На манжетах мелом. О дипломатических буднях без прикрас

Юрий Котов, 2021

В новой книге Юрий Котов – Чрезвычайный и Полномочный Посол, Заслуженный работник дипломатической службы, продолжает рассказ о профессиональной деятельности и повседневной жизни дипломатов. Как и в вышедшей ранее книге «Петух в вине, или Гастрономические воспоминания дипломата», серьезные сюжеты – вроде переговоров с талибами или бомбежек Югославии – перемежаются забавными бытовыми историями, изложенными автором с изрядной долей юмора и самоиронии. В формате PDF A4 сохранен издательский макет.

Оглавление

* * *

Приведённый ознакомительный фрагмент книги На манжетах мелом. О дипломатических буднях без прикрас предоставлен нашим книжным партнёром — компанией ЛитРес.
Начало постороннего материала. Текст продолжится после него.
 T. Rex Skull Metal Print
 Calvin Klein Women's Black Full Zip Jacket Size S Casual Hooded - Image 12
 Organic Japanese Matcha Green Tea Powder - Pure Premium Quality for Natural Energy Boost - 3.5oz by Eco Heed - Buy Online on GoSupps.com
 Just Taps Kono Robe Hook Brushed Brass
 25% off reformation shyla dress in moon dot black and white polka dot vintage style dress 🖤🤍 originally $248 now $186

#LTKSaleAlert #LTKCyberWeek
Купить и скачать полную версию книги в форматах FB2, ePub, MOBI, TXT, HTML, RTF и других

Студенческие горы

1959 году я более или менее удачно завершил учебу в средней школе. Менее — поскольку, сдав все выпускные экзамены на «отлично», умудрился получить трояк по химии, что лишило меня потенциальной надежды получить серебряную медаль. Впрочем, мой друг Валерий Штейнбах вообще завалил ее. Сейчас нашей, давно уже почившей химичке, наверное, было бы неловко: что ж она так обошлась с в будущем весьма незаурядными учениками. Валера уже давно доктор наук и профессор, журналист и писатель (издал на сегодняшний день около пятидесяти книг), крупный издатель, опубликовавший и моего «Петуха» (а так хочется надеяться, что, если я осилю и этот опус, хотя вряд ли, то он издаст и его). Ну да ладно, вернемся к моей «матерной альме» (она же альма-матер).
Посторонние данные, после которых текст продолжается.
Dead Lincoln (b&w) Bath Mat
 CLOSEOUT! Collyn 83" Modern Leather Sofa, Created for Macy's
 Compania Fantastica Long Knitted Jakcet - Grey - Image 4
МГИМО в те времена представлял собой весьма скромный по количеству учащихся ВУЗ, абсолютно не сравнимый с нынешним монстром. Было в нем всего два факультета: международных и международно-экономических отношений, на каждом курсе которых училось где-то около двухсот человек, включая иностранцев. Основной состав абитуриентов, а затем и студентов, составляла молодежь, прошедшая армию или производство. Школьников было меньшинство, а большую часть из них составляли выпускники спецшкол с языковым уклоном, в основном с английским языком. На факультете международных отношений было два отделения: западное и восточное. В последнее и попадали чаще всего бывшие «спецшкольники» — они уже вполне сносно владели одним языком и принимались осваивать всякие арабские, африканские, азиатские и прочие премудрости. Я в эту категорию не входил и посему был определен на западное отделение во французскую группу. Нас в ней вместе с иностранцами было восемнадцать человек, из них школьников кроме меня лишь еще один — Гена Смаль.
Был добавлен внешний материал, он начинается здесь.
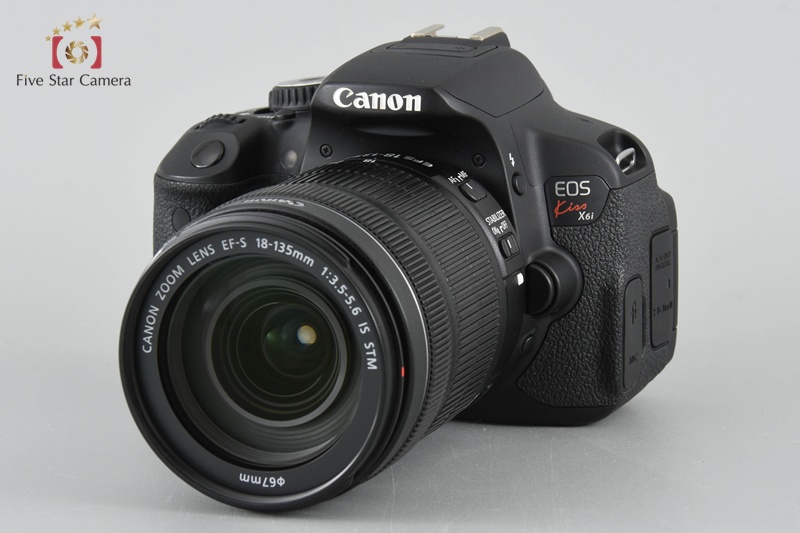 Canon - ＣＡＮＯＮ　ＥＯＳ　ＫＩＳＳ　Ｘ６Ｉ Canon EOS Kiss X6i Camera Kit with EF-S 18-135mm Lens Image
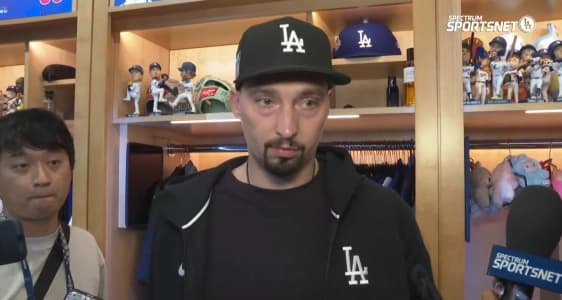 Dodgers pitcher Blake Snell speaks to the media about being in unlucky against the Blue Jays #bluejays #mlb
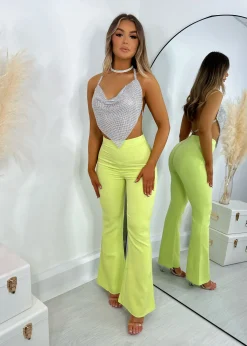 Bobbi Tailored Flared Trousers|DressMeZee New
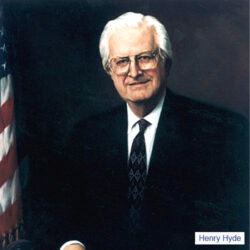 Henry Hyde, the Republican chair of the House Judiciary Committee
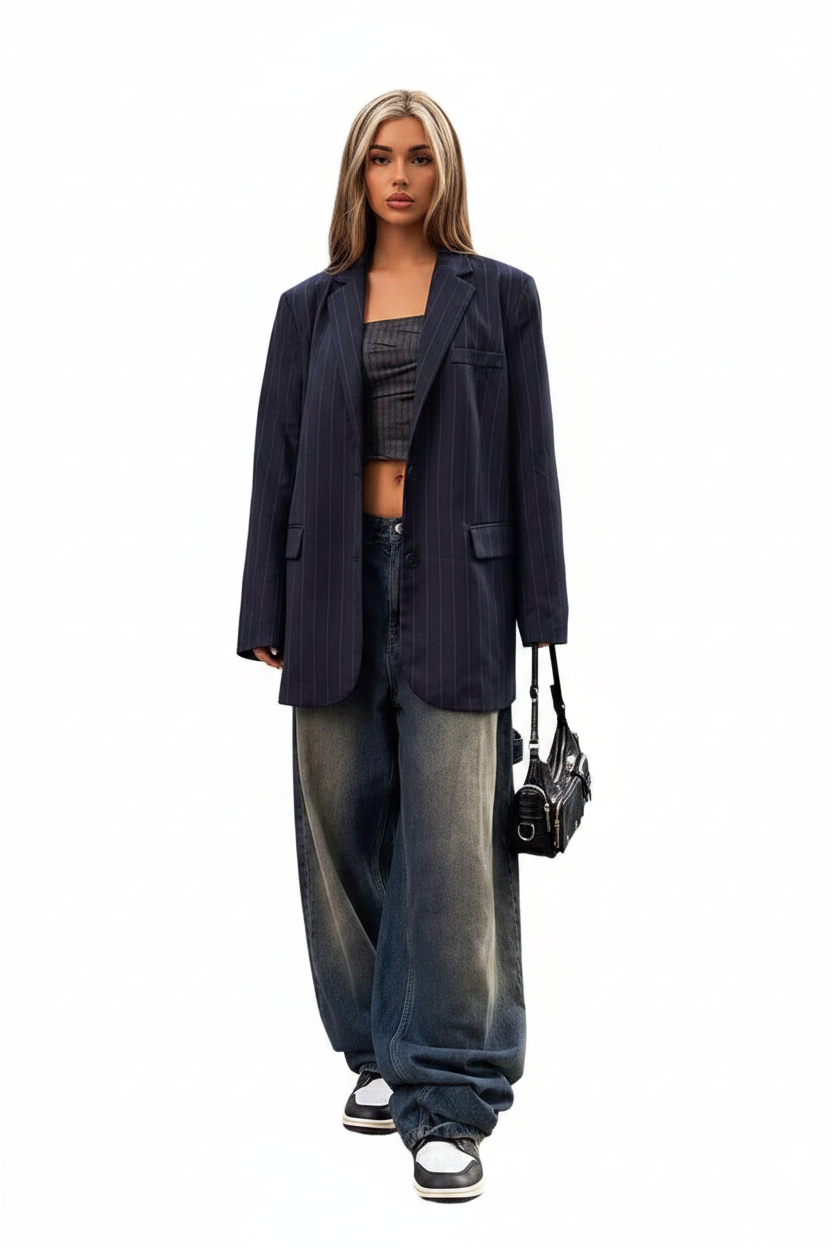 Blazer outfit white background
В первые же дни учебы я очутился в знакомой мне атмосфере спортзала. Был приглашен на «смотрины» тренером институтской сборной по баскетболу. Как сейчас помню, что явился я на нее в той самой упомянутой маечке с номером 4 и нашитой над ней капитанской планке. Поставили меня в пару с одним из лучших баскетболистов команды Славой Корзелевым. Поборолся с ним немного, конечно, играл он намного лучше меня, но все же в сборную меня зачислили. И четыре года по пять вечеров в неделю я проводил на баскетбольном поле. Тренировки, товарищеские и официальные игры (случилось даже, что играли как-то раз на Малой арене в Лужниках).

Ну а с тренировками связана одна занимательная история, о которой хотелось бы поведать. На физподготовке мы были разбиты на пары, когда отрабатывали с партнером те или иные упражнения. Было среди них и такое, которое называлось «качать соль» — по очереди закладывали друг друга на спину и, обливаясь потом, приседали, вставали и так до полного изнеможения. Моим партнером по этим забавам был однокурсник болгарин Христо Миладинов. После института я с ним больше не встречался.

И вот прошло более тридцати лет. Будучи директором департамента и членом коллегии МИД, я получал приглашения почти от всех посольств в Москве на приемы по случаю национальных праздников. Правда, ходил на них крайне редко, только к тем странам, которые курировал. Но тут как-то отправился на крупное протокольное мероприятие, видимо, был повод. И вот подходит ко мне человек средних лет (а я и сам был таким) и говорит: «Здравствуй, Юра, как поживаешь?» Причем ни малейшего акцента у него не было, поэтому я был уверен, что это кто-то из наших, о котором я подзабыл. Что-то начал лопотать, типа, мол, припоминаю, но вот не могу сообразить, где мы встречались. И слышу в ответ: «Ну, а как «соль качали» помнишь?» Тут уж я ахнул: «Христо, дорогой, сколько лет, сколько зим!» Обнялись, по-рассказывали друг другу вкратце о своих хождениях по дипломатическим стежкам. Христо Миладинов в это время был послом Болгарии в России, а до этого заместителем министра. Договорились встретиться, но вскоре после этого я уехал в Югославию, так что — не привелось.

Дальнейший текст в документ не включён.